**TASK TO COMPLETE**.
Skip the pictures. Output only the lines below starting at the line with "Gaceta No 7 Martes 11 De Enero De 2005" and ending at the line with "Fila Women's Burgundy", both ends included, exactly as they are.

**RECORDS FOR THE EXERCISE**.

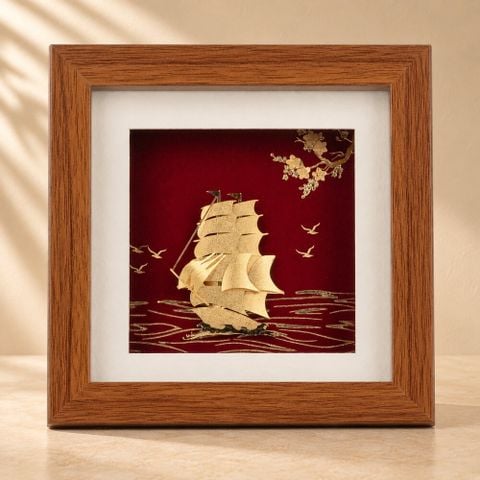 Tranh Thuyền dát vàng 24k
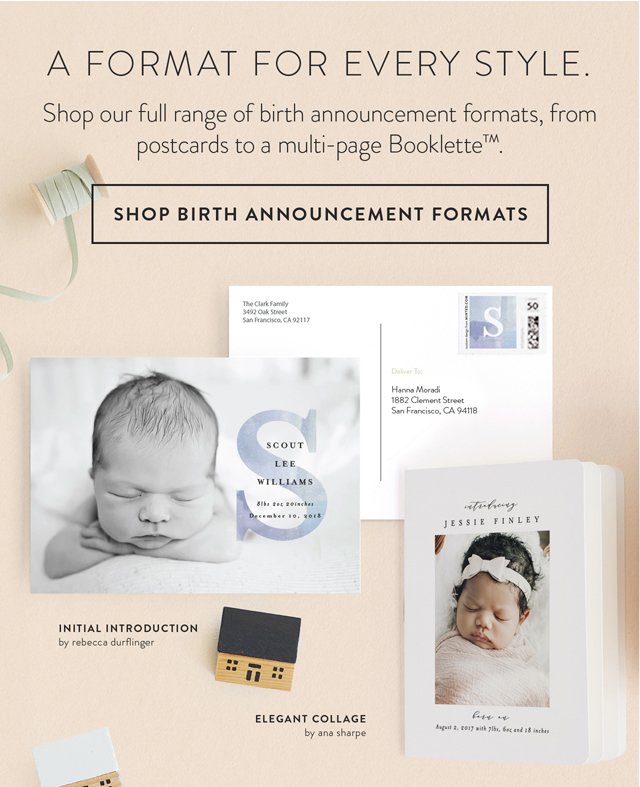 Shop Birth Announcement Formats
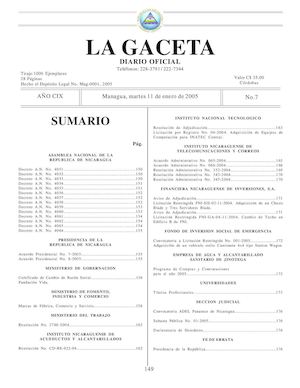 Gaceta No 7 Martes 11 De Enero De 2005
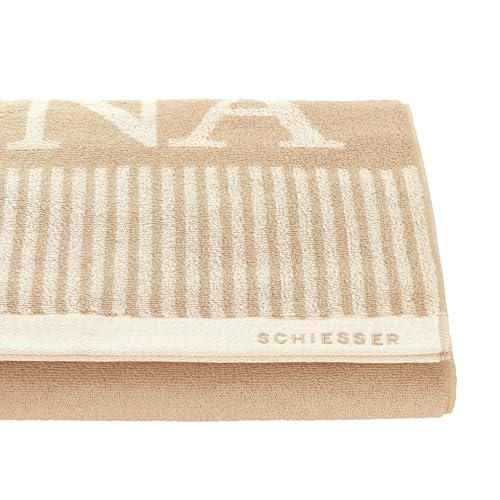 Schiesser Frottier Saunatuch Rom | garngefärbt, weich, saugstark | 100% Baumwolle | Oeko-Tex Zertifiziert | 75x200 cm | Sand
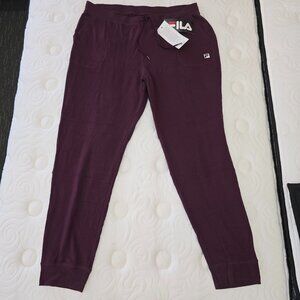 Fila Women's Burgundy Lightweight Joggers Size XL - New With Tag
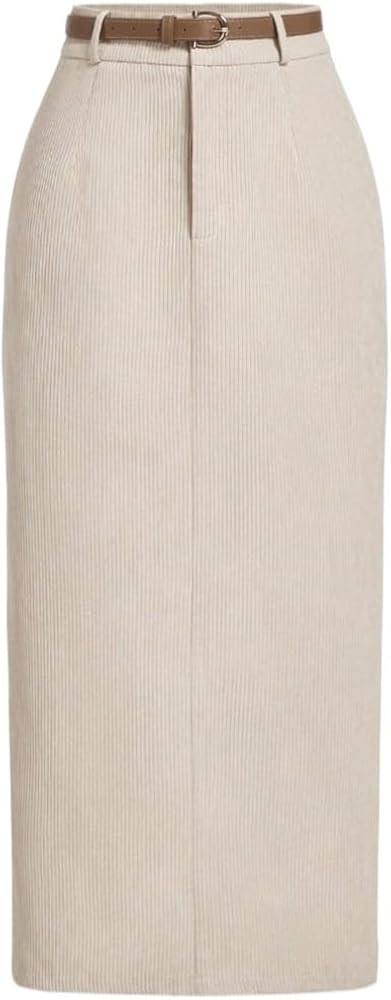 Women's 2025 Casual Maxi Long Skirts Slit Mid-Length Skirt | Amazon (US)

**RESULT**.
 Gaceta No 7 Martes 11 De Enero De 2005
 Schiesser Frottier Saunatuch Rom | garngefärbt, weich, saugstark | 100% Baumwolle | Oeko-Tex Zertifiziert | 75x200 cm | Sand
 Fila Women's Burgundy Lightweight Joggers Size XL - New With Tag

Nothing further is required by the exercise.